2023 - 2024 Wrap Up:
In November of 2023, we hosted many of our friends in New Orleans for Architecting Sustainable Futures at Five (ASF@5), a Celebration, Assessment, and Agenda Setting Convening for Community-Based Archives. The event was made possible by generous support from The Mellon Foundation. Five years prior, in 2018, we convened 40 community-based archives professionals and funders to look at how these organizations could work together for long-term financial sustainability. The 2018 findings helped set the stage for increased collaboration and peer networks, important changes in funding transparency, and new and streamlined funding opportunities direct to smaller cultural memory organizations doing critical work in their communities, including the launch of Mellon Foundation’s Community-Based Archives grants, which are now being offered for a second round. For ASF@5, we took the time to look at what’s been achieved and how we can all work together to further the sustainability of community-based archives in the next 5-10 years. The resulting ASF@5 Report, published in May 2024, contains a wealth of information and important recommendations for the field. We hope you can give it a read and share it with your networks.

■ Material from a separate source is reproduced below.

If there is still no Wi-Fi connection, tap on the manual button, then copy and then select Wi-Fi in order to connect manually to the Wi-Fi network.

As part of the ASF@5 report, we also released the Community-Based Archives Continuum, which is informed by over a decade of work in the field and in particular, over five years of deep research. The Continuum is a way for us to generalize the broad spectrum of organizations in the field and identify measurable ways they can be supported wherever they may be on the continuum at any given time.
Team News
Bergis Jules completed his Ph.D. in History at the University of California, Riverside in December 2024. His dissertation title is Towards Affirming Blackness in Archive Making: How Black Memory Workers Leverage Their Racial and Cultural Positionality to Inform Collection Development Decisions. He will continue to lead field building projects and consulting engagements for Shift Collective.
Lynette Johnson was honored with the 2024 Founder’s Award from the Louisiana Creole Research Association (LA Creole) for “outstanding contributions to Creole history and culture as historian, writer, storyteller and cultural preservationist.”

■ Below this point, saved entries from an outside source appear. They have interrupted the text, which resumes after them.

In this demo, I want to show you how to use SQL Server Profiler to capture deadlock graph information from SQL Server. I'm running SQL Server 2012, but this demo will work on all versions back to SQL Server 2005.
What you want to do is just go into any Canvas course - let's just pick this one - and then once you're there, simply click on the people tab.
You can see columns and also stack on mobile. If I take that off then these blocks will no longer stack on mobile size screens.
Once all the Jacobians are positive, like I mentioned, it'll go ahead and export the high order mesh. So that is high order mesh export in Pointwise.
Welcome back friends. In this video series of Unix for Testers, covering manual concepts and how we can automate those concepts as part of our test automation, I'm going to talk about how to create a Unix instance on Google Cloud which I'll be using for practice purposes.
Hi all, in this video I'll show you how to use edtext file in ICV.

Camille Lawrence joined the Shift Collective team in January 2025. She will primarily support the Archiving the Black Web project as a web archivist. Camille brings a wealth of knowledge and experience to supporting the work of ATBW and we’re excited to have her join us as we grow the Collective. You can check out Camille’s bio on our website.
Zakiya Collier will be a 2025 Create Change Artist-in-Residence at The Laundromat Project, where she’ll lead an intergenerational, community-based creative project collaboratively archiving Black history in Brooklyn, NY. In 2024 she published two book chapters, “Are You Family?: Mapping the Genealogy of Black Queer Library Workers,” and “Rehousing Archivists: Attending to a Livable Future for A Black, Queer Disabled Memory Worker.”